The International Olympic Committee (IOC) Evaluation Commission in Russia to assess Sochi’s bid for the 2014 Winter Olympic Games toured mountain areas Wednesday that are at the centre of environmentalists concerns, reports the Associated Press.

Bid leaders have said Sochi would hold the most compact Winter Games ever, but some environmental activists object to massive developments in the mountains.

Sochi’s bid calls for extensive development at locations in or adjacent to areas UNESCO designated as parts of its Western Caucasus World Heritage Site. According to the Associated Press the designation recognized the areas comparatively pristine nature, including a wide array of plants, trees and wildlife.

Regional environmental activist Valery Brinnikh told reporters last week the bid’s proposed construction plan “is a crude violation of both Russian and international law”.

Plans for the bobsled and luge tracks had come under particular criticism because of the need to cut down large swaths of trees.

Jerry Anderson of the HOK design firm working with the bid committee said designers of the bobsled course “have gone to great lengths to make sure this is environmentally responsible”.

The head of Greenpeace’s Russian office, Mikhail Kreindlin, said he plans to meet with the IOC team Thursday to discuss ecological concerns.

Reporters following the IOC commission were not taken to the proposed bobsled site Wednesday and unlike PyeongChang, reporters were kept separate from the IOC commission members whose only public statement on Sochi’s bid inspection is scheduled for Friday..
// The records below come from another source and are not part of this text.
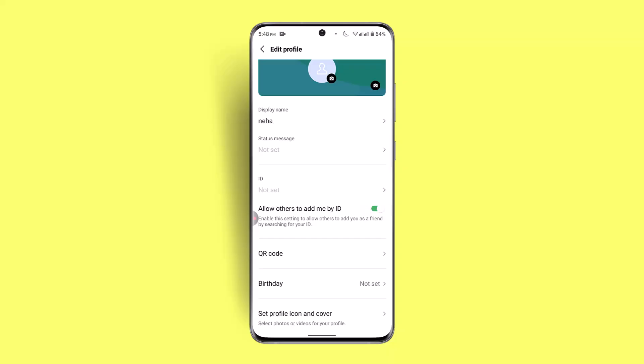As soon as you do that, you'll be asked to type in the verification code that you'll receive via SMS. Enter that code, and once done, you'll be able to see that the phone number has been changed on the LINE app. If you're unable to do it, you can always contact the support team.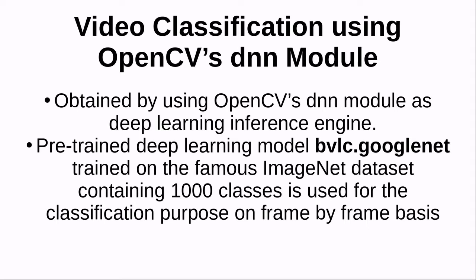In this case, the pre-trained deep learning model BVLC.GoogleNet trained on the famous ImageNet dataset containing 1,000 classes is used for classification purpose on frame by frame basis.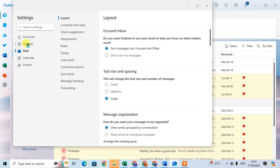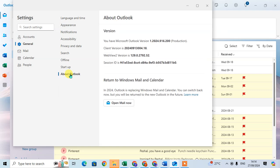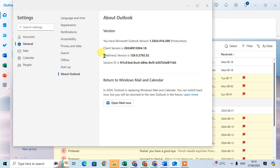Then click on the General tab. In the General tab there is a last option called About Outlook. In About Outlook, you can see the Microsoft Outlook version, the client version, and other details available.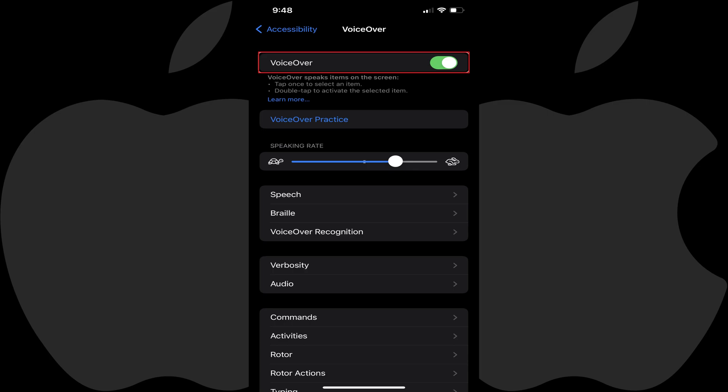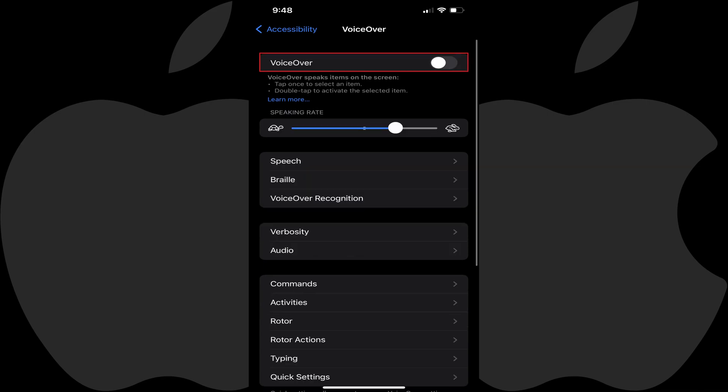Step 5: If you find the VoiceOver feature isn't helpful, you can navigate back to this screen at any time to toggle the feature back off. And again, if you're locked out of your iPhone or iPad because of turning on VoiceOver or any other accessibility feature, you can quickly disable accessibility features by triple-clicking either the side button on newer iPhones and iPads, or the home button on older iPhones and iPads.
The Rosa Khutor commercial ski base area that would be the venue for downhill skiing and snowboarding is being developed with consultation from the World Wildlife Fund’s Russian office, said the bid committee.

The Associated Press (AP) reports that many of the venues the IOC toured Wednesday required substantial imagination.

Rosa Khutor is “a couple of buildings reached on a rutted road running past tumbledown buildings. The ski-jump facilities proposed for nearby Esto-Sadok are only a model shown in a temporary building near some farmhouses with rusting tractors in their yards”, said AP.

AP writes the ice-sport venues, which the IOC is to tour Thursday, “are even more hypothetical, nothing has been built yet in the area”.

Bid Committee CEO Dmitry Chernyshenko said Wednesday that the need for massive new construction was one of Sochi’s potential strong points. He said, “we aim to provide the entire Olympic community with 21st century state-of-the-art facilities”.

Chernyshenko said that holding the Paralympics could be important for social consciousness in Russia, where the physically disabled are generally more marginalized than in the West. He said, “this will provide a much-needed example for greater inclusion and accessibility in Russia”.